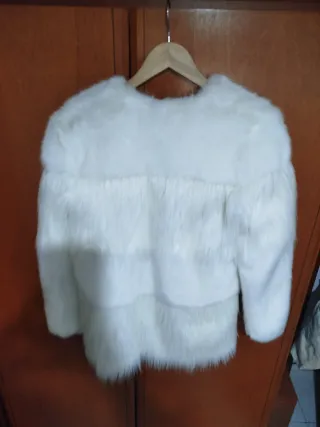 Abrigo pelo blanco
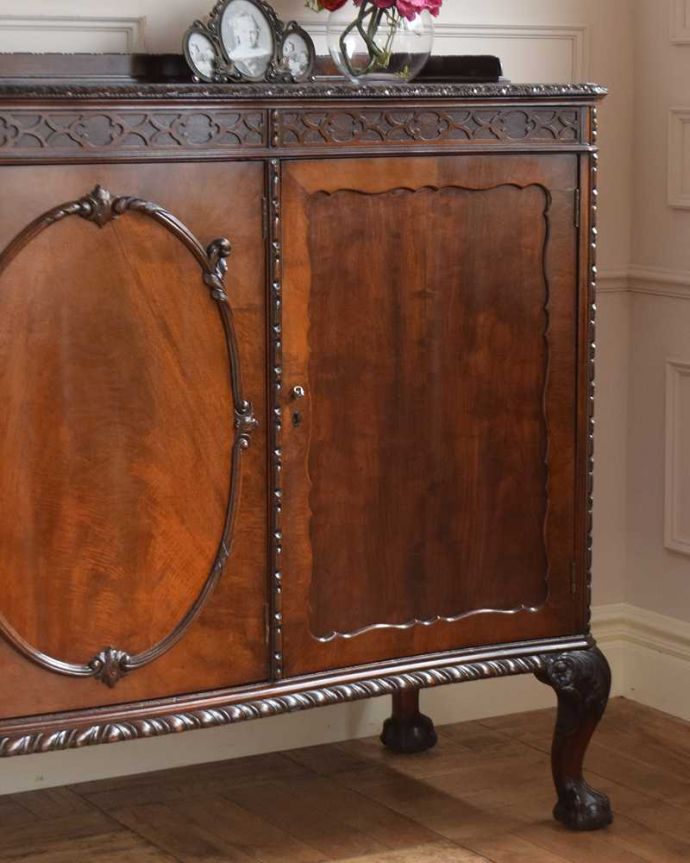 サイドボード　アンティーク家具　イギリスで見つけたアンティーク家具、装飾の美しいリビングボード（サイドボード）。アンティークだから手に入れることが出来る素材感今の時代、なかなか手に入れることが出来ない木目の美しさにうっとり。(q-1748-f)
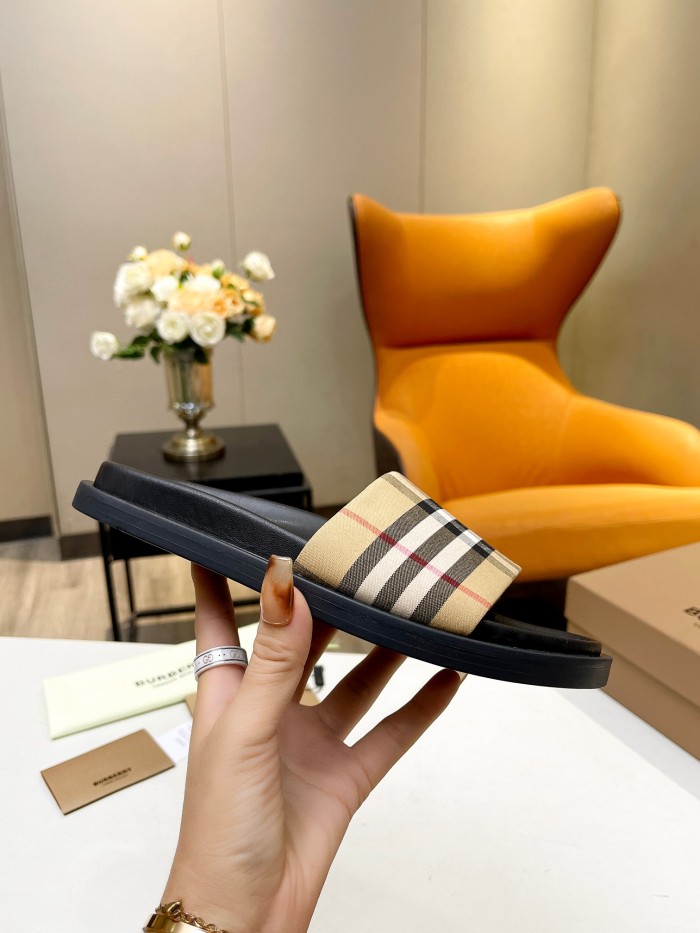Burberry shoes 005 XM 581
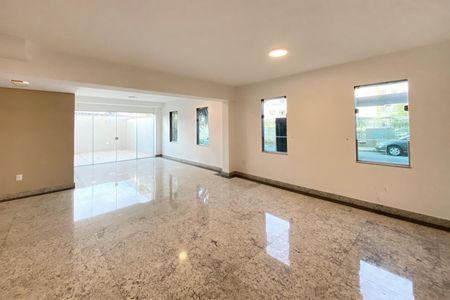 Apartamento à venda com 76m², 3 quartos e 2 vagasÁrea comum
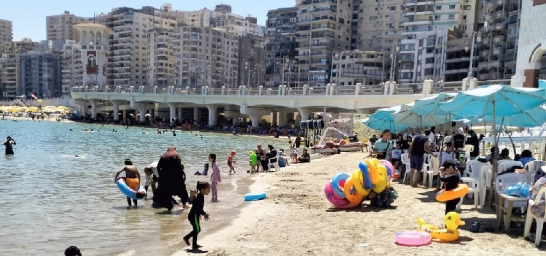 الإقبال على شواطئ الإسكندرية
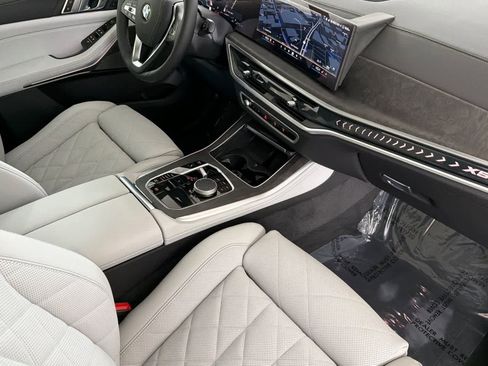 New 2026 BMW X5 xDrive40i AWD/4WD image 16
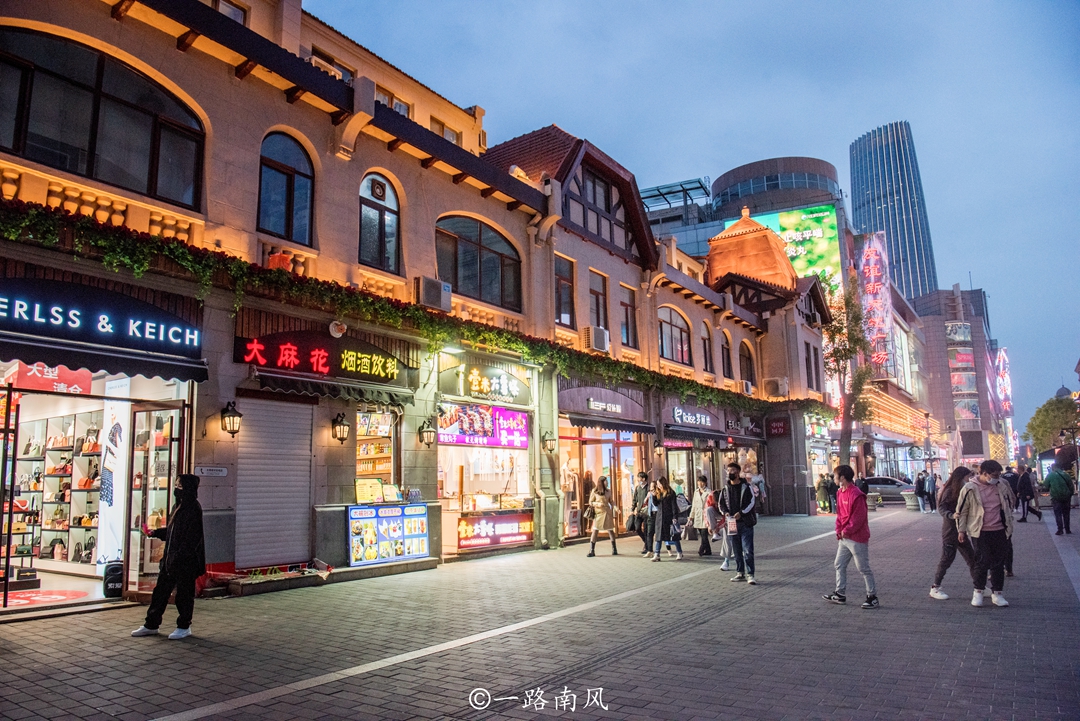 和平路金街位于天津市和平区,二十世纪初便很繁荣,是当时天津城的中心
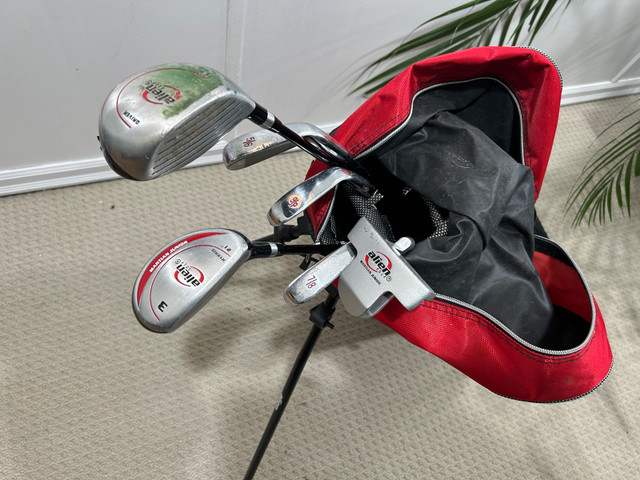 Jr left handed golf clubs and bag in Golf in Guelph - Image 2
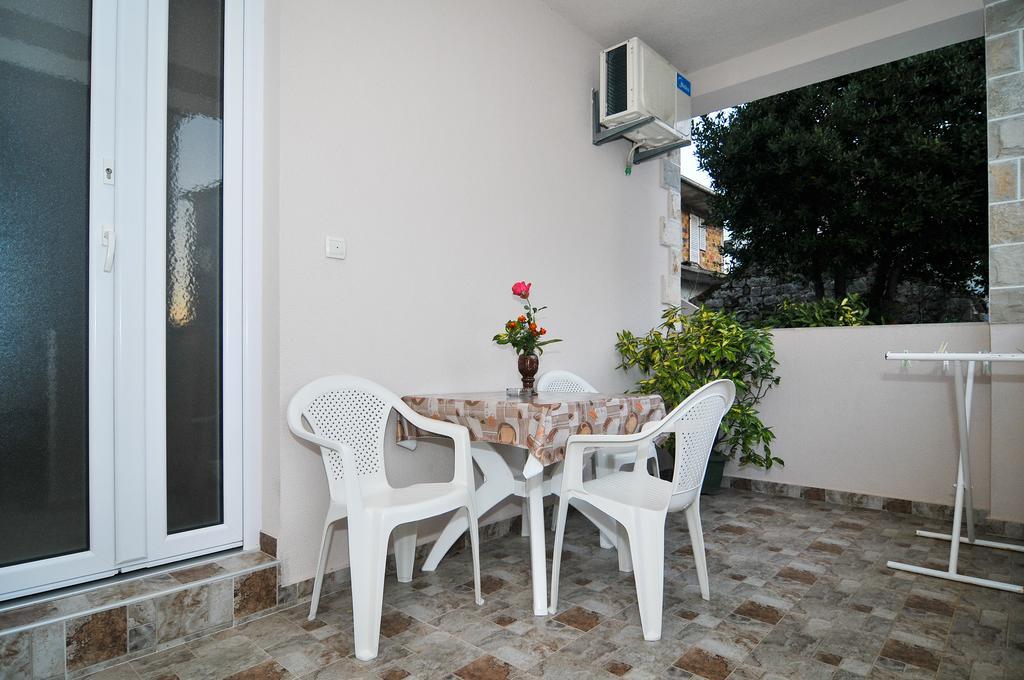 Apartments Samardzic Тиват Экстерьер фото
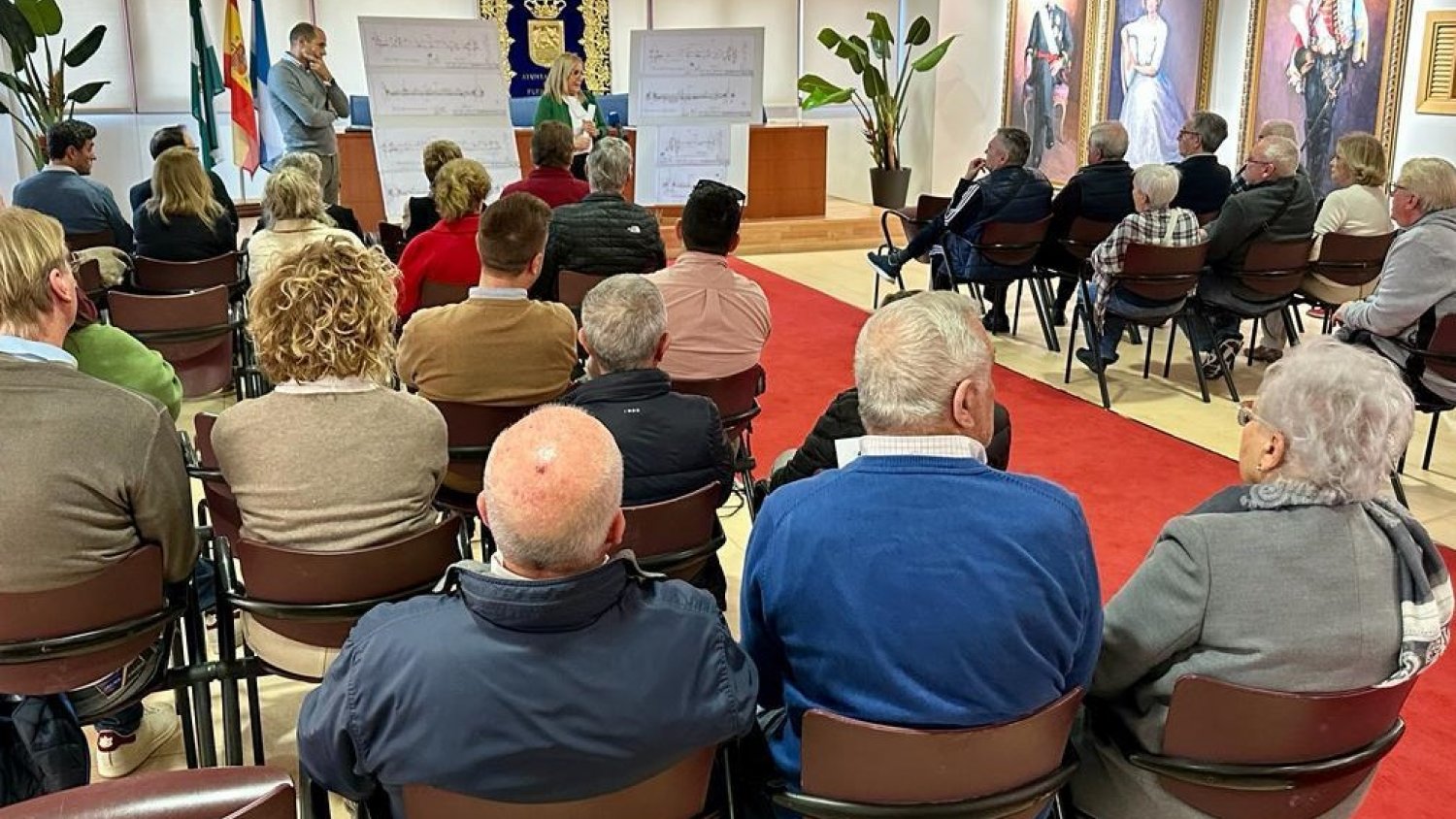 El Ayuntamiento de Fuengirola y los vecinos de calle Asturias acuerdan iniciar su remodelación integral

=======

## [Exercise]
Would you please give the material above again, unchanged but without pictures?

## [Solution]
 Abrigo pelo blanco
 サイドボード　アンティーク家具　イギリスで見つけたアンティーク家具、装飾の美しいリビングボード（サイドボード）。アンティークだから手に入れることが出来る素材感今の時代、なかなか手に入れることが出来ない木目の美しさにうっとり。(q-1748-f)
Burberry shoes 005 XM 581
 Apartamento à venda com 76m², 3 quartos e 2 vagasÁrea comum
 الإقبال على شواطئ الإسكندرية
 New 2026 BMW X5 xDrive40i AWD/4WD image 16
 和平路金街位于天津市和平区,二十世纪初便很繁荣,是当时天津城的中心
 Jr left handed golf clubs and bag in Golf in Guelph - Image 2
 Apartments Samardzic Тиват Экстерьер фото
 El Ayuntamiento de Fuengirola y los vecinos de calle Asturias acuerdan iniciar su remodelación integral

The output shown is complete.